On November 2, 2017, a study entitled “U.S. Jones Act Compliant Offshore Wind Turbine Installation Vessel Study” was released. The Study was prepared for state government energy authorities in Massachusetts, New York, and Rhode Island.
The Jones Act restricts the transportation of merchandise between “points in the United States” to U.S.-flag vessels built in the United States. Related laws restrict the transportation of passengers between U.S. points and towing and dredging in U.S. waters.
The Jones Act has been interpreted to extend to offshore installations, such as oil and gas drilling rigs, provided that they are permanently or temporarily attached to the U.S. outer continental shelf. The Study assumes that offshore renewable energy installations, such as an offshore wind tower, would also be covered by the Jones Act. The law that has been interpreted to extend the Jones Act offshore to oil and gas activity—the Outer Continental Shelf Lands Act as amended—does not clearly apply to any activity other than the extraction of natural resources.
The Study notes that a vessel that installs tower and turbine components offshore that plays no part in the transportation of those components from the United States can be a foreign-flag vessel. The picture on the cover of the Study of a foreign-flag jack up installation vessel installing tower components off the coast of Block Island, Rhode Island is a good example of this principle in action.
Should, however, there be sufficient offshore wind farm installation volume in the United States to support a Jones Act qualified purpose built installation vessel, the Study estimates a cost of $222 million with a construction time of approximately 34 months. The Study finds that to a achieve a reasonable combination of day rates (assumed to be $220,000) and an internal rate of return of 10 percent, at least 10 years of U.S. offshore wind farm installation work would be needed installing approximately 3,500 to 4,000 MW of offshore wind capacity. The Study admits that this would require “a group of states and developers [to] coordinate on an identified pipeline of projects.”

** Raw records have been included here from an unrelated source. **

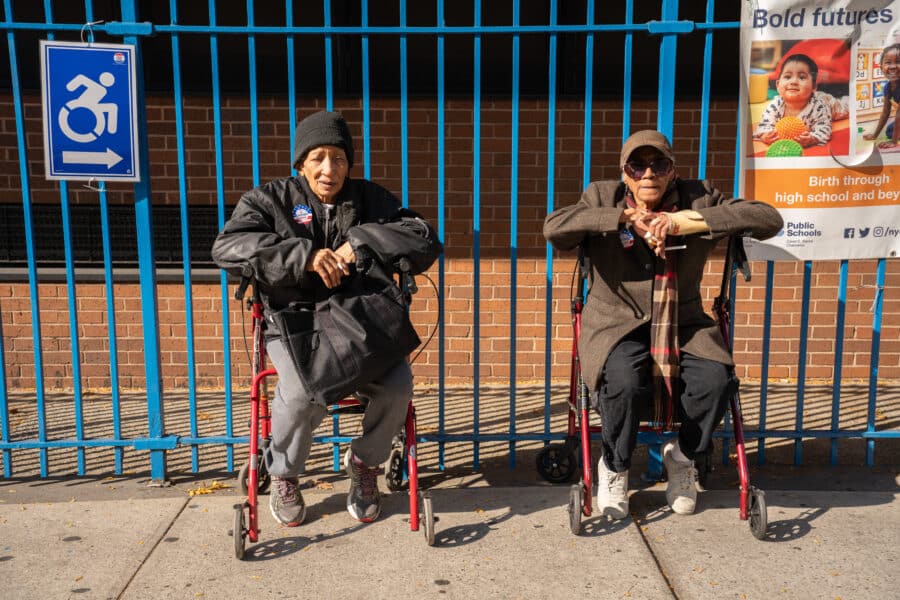 Two people sitting outside a polling place.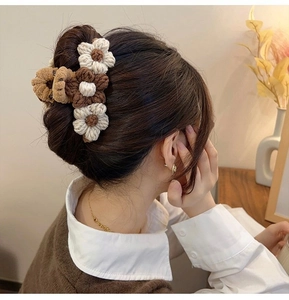Detail of woven wool flower hair claw with knit texture in cream and caramel tones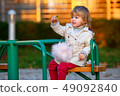 Portrait of sweet blond little baby girl in trench coat and faux fur bag at playground 49092840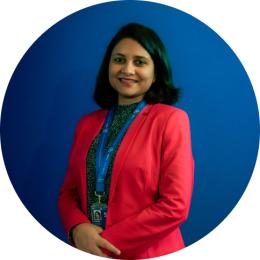 Sulagna Mishra in a red jacket standing in front of a blue background.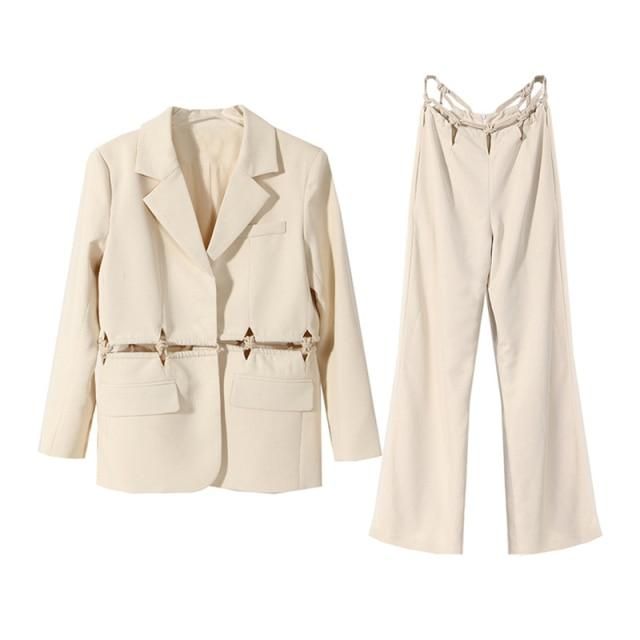 The label's impeccable tailoring shines through on the little details of this loose wide-leg suit and demonstrate that suiting doesn't need to be boring. DETAILS & CARE Side articulate stitch design Loose fit Zip fly with hook-and-bar closure 75% cotton, 25% polyester Dry clean Chic Office Wear Sets For Spring, Beige Workwear Sets For Spring, Beige Sets For Workwear In Spring, Patchwork Suit, H.e.r Style, Patchwork Trousers, Two Piece Suits, Trouser Design, Digital Closet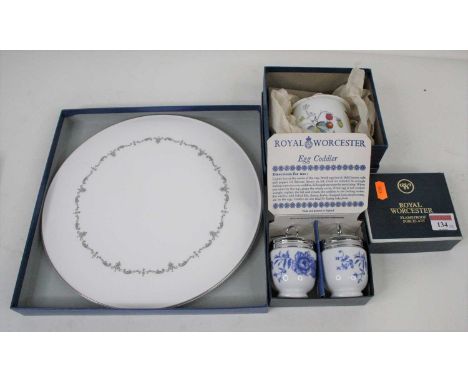 A Royal Worcester Strawberry Fair pattern porcelain jar and cover, together with a pair of Royal Worcester egg coddlers, and 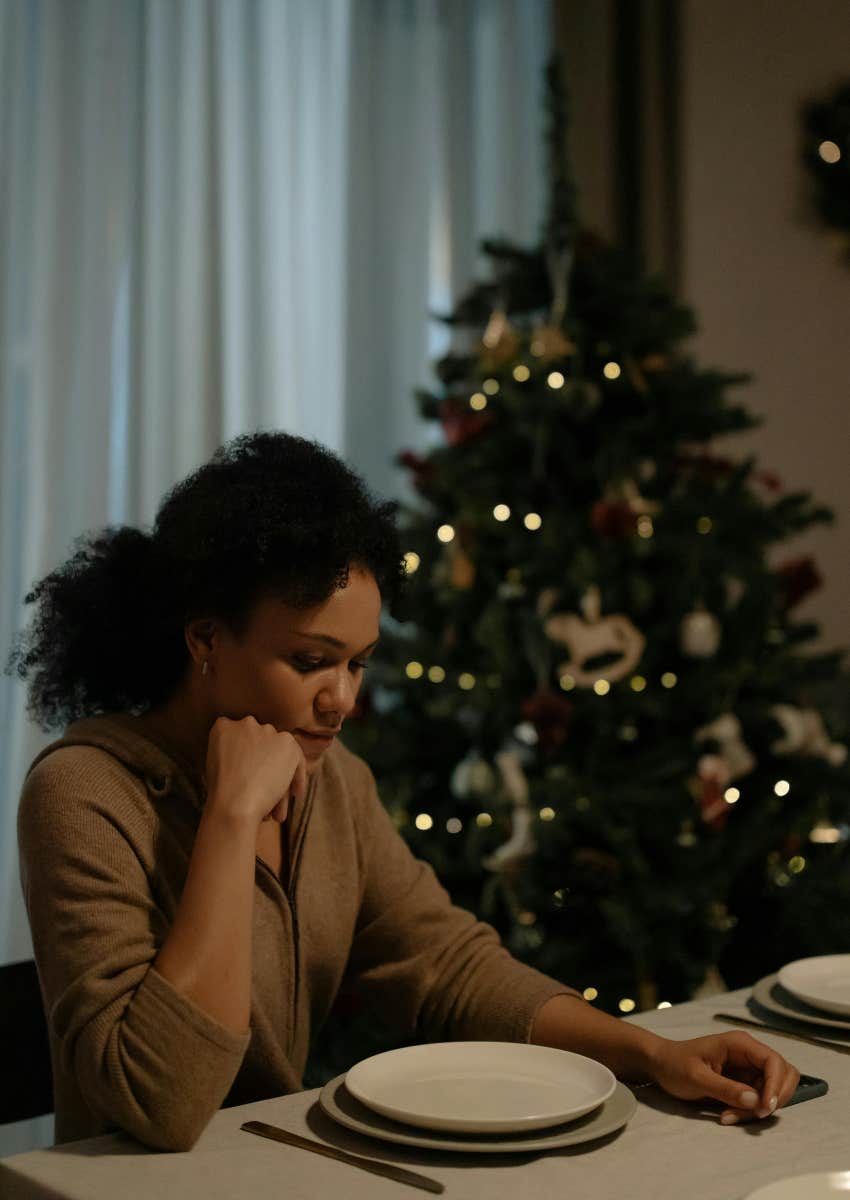 sad woman sitting by herself next to Christmas tree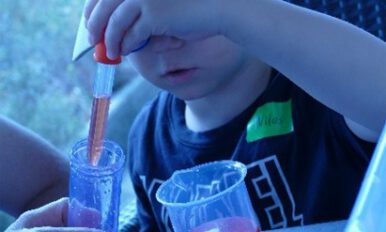Ein Kind hält eine Pipette über ein Glas und untersucht orange Flüssigkeit bei einem Experiment.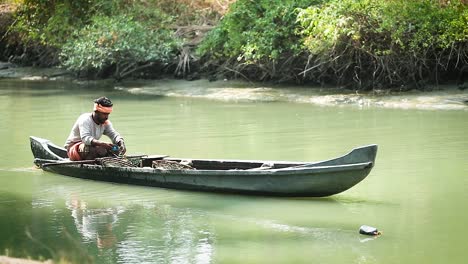 Person-uses-net-on-a-canoe-to-fish-in-green-water-river,-slow-motion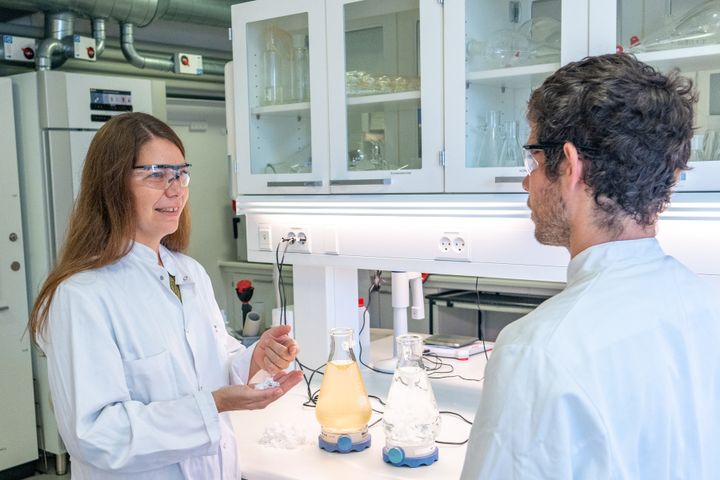 To personer i en laboratorieindstilling, iført kitler og sikkerhedsbriller, står og snakker, mens de arbejder med kemiske reagenser på et bord.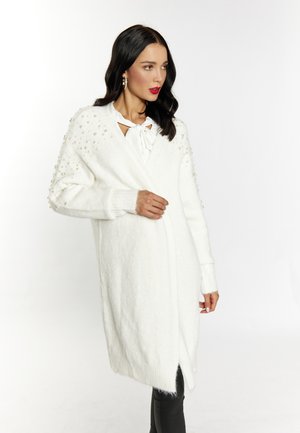 White knitted cardigan with pearl embellishments on the shoulders, wrap design, long sleeves, and side slits for ease of movement.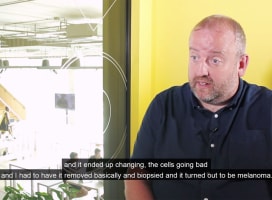 Mark talks in front of a camera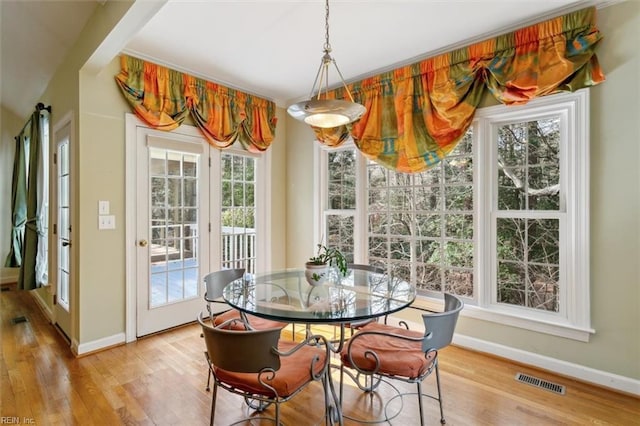 dining room with a wealth of natural light, visible vents, and wood finished floors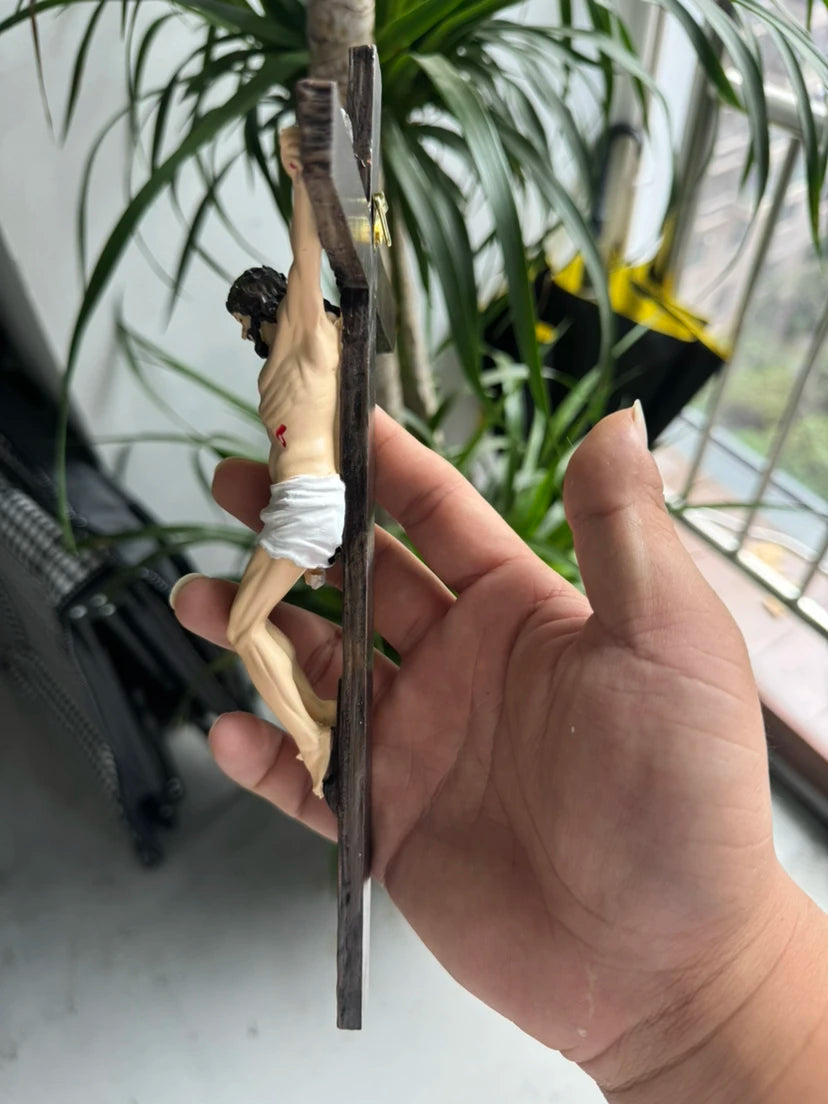 A hand holds a resin sculpture of an Easter cross crucifix wall hanging hanging from a branch amidst green foliage.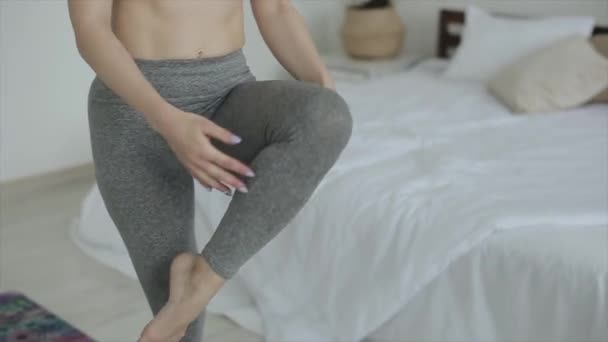 Vacker ung flicka tränar yoga när hon gör övningar hemma. Närbild. Kameran rör sig från botten till toppen — Stockvideo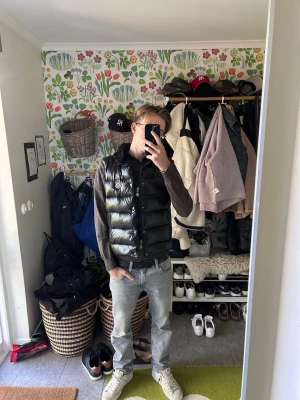 Moncler väst  - Snygg svart dunväst från Moncler med hög krage och blanka paneler. Västen har två dragkedjefickor framtill och Moncler-logga på bröstet. Perfekt för lager-på-lager och ger en trendig look. Stängs med både knappar och dragkedja.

A different approach would be to build purpose-built Jones Act qualified jack up feeder vessels. If offshore wind farm installations are considered “points in the United States” under the Jones Act, any transportation of wind farm components from the U.S. to those points would have to be in U.S.-built Jones Act-qualified vessels. The Study estimates the cost of a purpose-built feeder vessel to be $87 million with a construction time of 25 months, and notes that, “for maximum efficiency, two or more feeder barges could be employed depending on project requirements.”